What is needed: Skip the pictures and write out, word for word, the lines below from the one with "5851 S Braeswood" through the one with "Apartamento para alugar", inclusive.

Extracted entries:
________________________

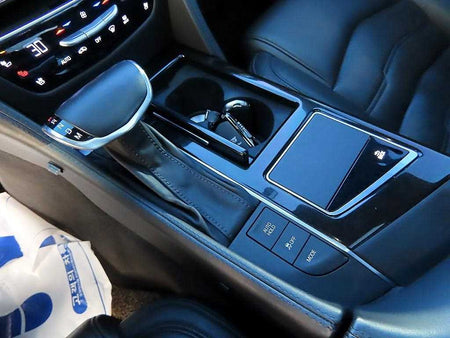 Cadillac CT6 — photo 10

________________________

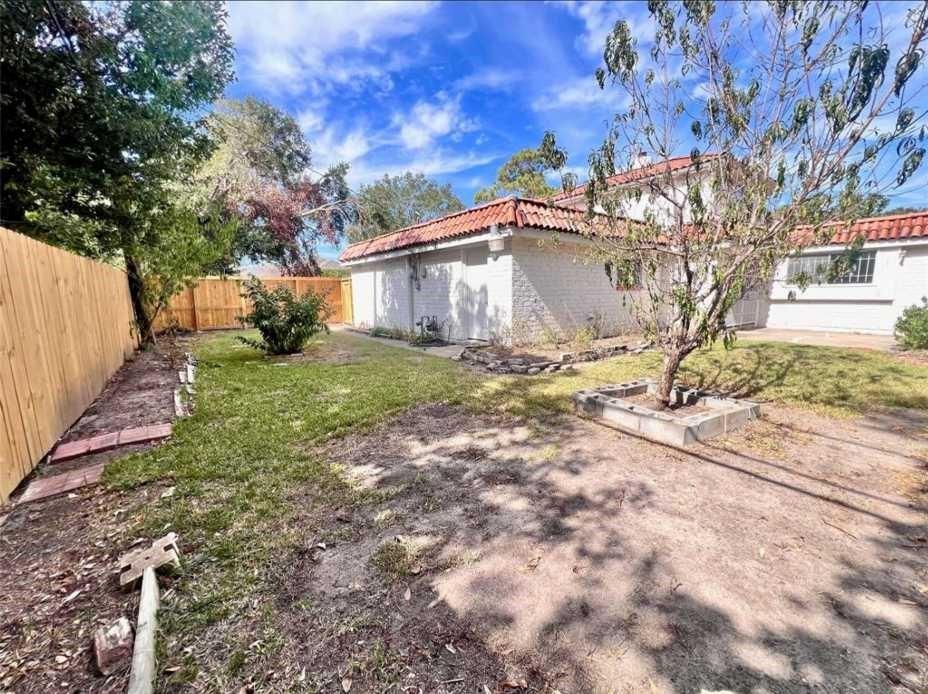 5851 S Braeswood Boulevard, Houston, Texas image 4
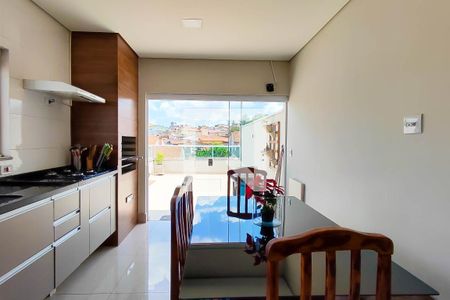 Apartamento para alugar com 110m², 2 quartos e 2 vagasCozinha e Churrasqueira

________________________

Response to the exercise:
 5851 S Braeswood Boulevard, Houston, Texas image 4
 Apartamento para alugar com 110m², 2 quartos e 2 vagasCozinha e Churrasqueira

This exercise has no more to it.